Appleデバイス登録とユーザー認証のベストプラクティス

AppleのDEP(Device Enrollment Program)は、企業ユーザーが手間いらずでデバイスを利用できるようにするクラウドベースのサービスです。DEPとMobileIronなどの統合エンドポイント管理(UEM)ソリューションの併用により、IT部門は、何千台ものiOS、macOS、tvOSデバイスを素早く設定し、全社に展開することができます。

ビジネスアプリやデータにアクセス可能なデバイスなら何であれ、ベストプラクティスに従ってさまざまな脅威から守ることをお勧めします。DEPとUEMを通じてデバイスを設定するのは良い方法ですが、さまざまな方法で攻撃者が組織に侵入するのを防ぐため、他の対策も実行しておきましょう。

最新の脆弱性:さあどうする?

最近のレポートによれば、攻撃者はDEPプロトコルを回避し、不正なデバイスを企業のUEM1サーバーに登録することができます。レポートによると、それができてしまうのは、DEPが「登録に先立ち、事実上、システムのシリアル番号だけを使用してデバイスを認証しているから」です。このため、有効なDEP登録済みのシリアル番号さえあれば、攻撃者がデバイスをUEMサーバーに登録できるとしています。
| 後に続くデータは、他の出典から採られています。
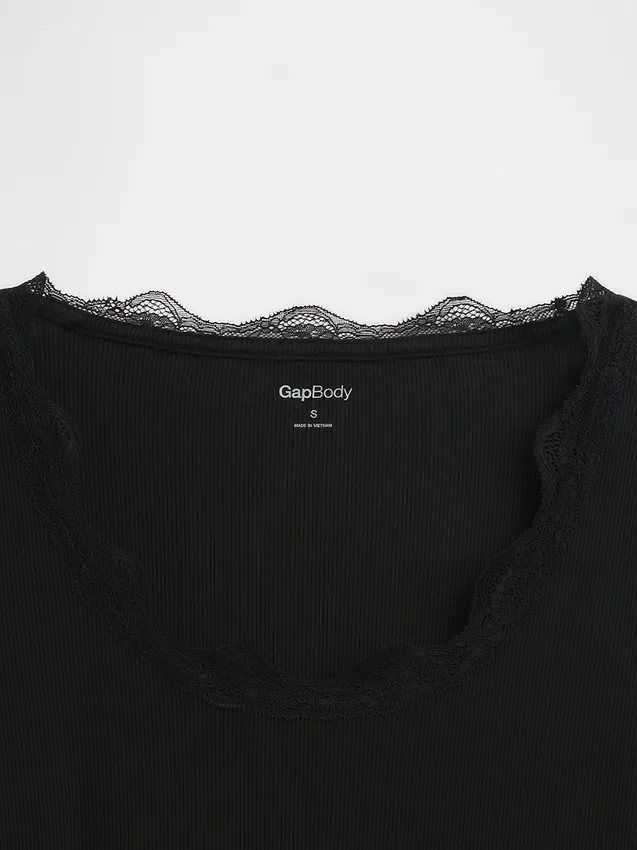 Camiseta de pijama con ribete de encaje y patrón de mini acanalado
注目すべきは、認証なしでユーザーにデバイス登録を許可した場合のみ、レポートに指摘された「脆弱性」が悪用されることです。しかし、認証なしでDEPに登録されたデバイスは、デフォルトで自動的に「匿名」に指定されます。匿名のデバイスは、デフォルトでは企業のポリシーや設定を受信しません。これは一般にテスト目的で、たとえばIT部門がDEPのワークフローを具体的なUEMサーバーで本番前にテストする場合などに利用します。実運用されている企業システムにおいて、DEPとUEMによるユーザー認証の組み合わせは非常にセキュアなフレームワークとなり、レポートに挙げられている攻撃を受けることはありません。

DEPのセキュリティを強化する3つの方法

ユーザー認証を義務づけることに加え、UEMとDEPのインフラでセキュリティを強化する方法を3つご紹介します。
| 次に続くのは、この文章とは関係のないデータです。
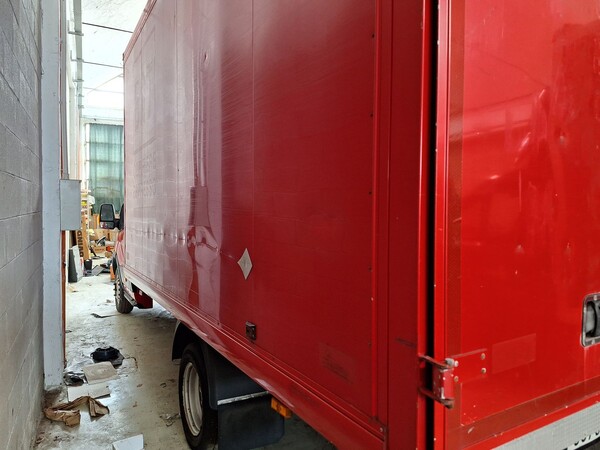 8#8772 Furgone Ford Transit cassonato in vendita - foto 3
1. 企業DEPアカウントのデフォルトのUEMサーバーを持つ。

DEPポータルにデバイスが登録されると、デバイスには自動的にデフォルトのUEMサーバーが指定されます。こうすれば管理者は、社内の全デバイスを1つのUEMコンソールで可視化できます。

2. UEMコンソールのDEP設定でパスワードまたはPINに認証を設定する。

これでDEP設定時にデフォルトでユーザー認証がオンになります。パスワードを使用しない企業の場合、MobileIronではユーザーの個人識別番号(PIN)で認証できます。PINには利点が2つあります。ランダムな数字のために推測しにくいことと、有効期限を短くすることができ、パスワードと違ってIT部門が管理しやすいことです。

3. UEM登録を必須にする。

これでDEPに登録されたすべてのデバイスに、UEMのポリシーと構成にしたがったセキュリティと管理を提供できます。UEM登録が必須でない場合、デバイスは登録をスキップし、普通の個人用デバイスと同様に設定されてしまいます。MobileIronは、そのようなデバイスが企業向けアプリやデータ、Office 365、Salesforce、G Suiteなどのクラウドサービスにアクセスできないようにします。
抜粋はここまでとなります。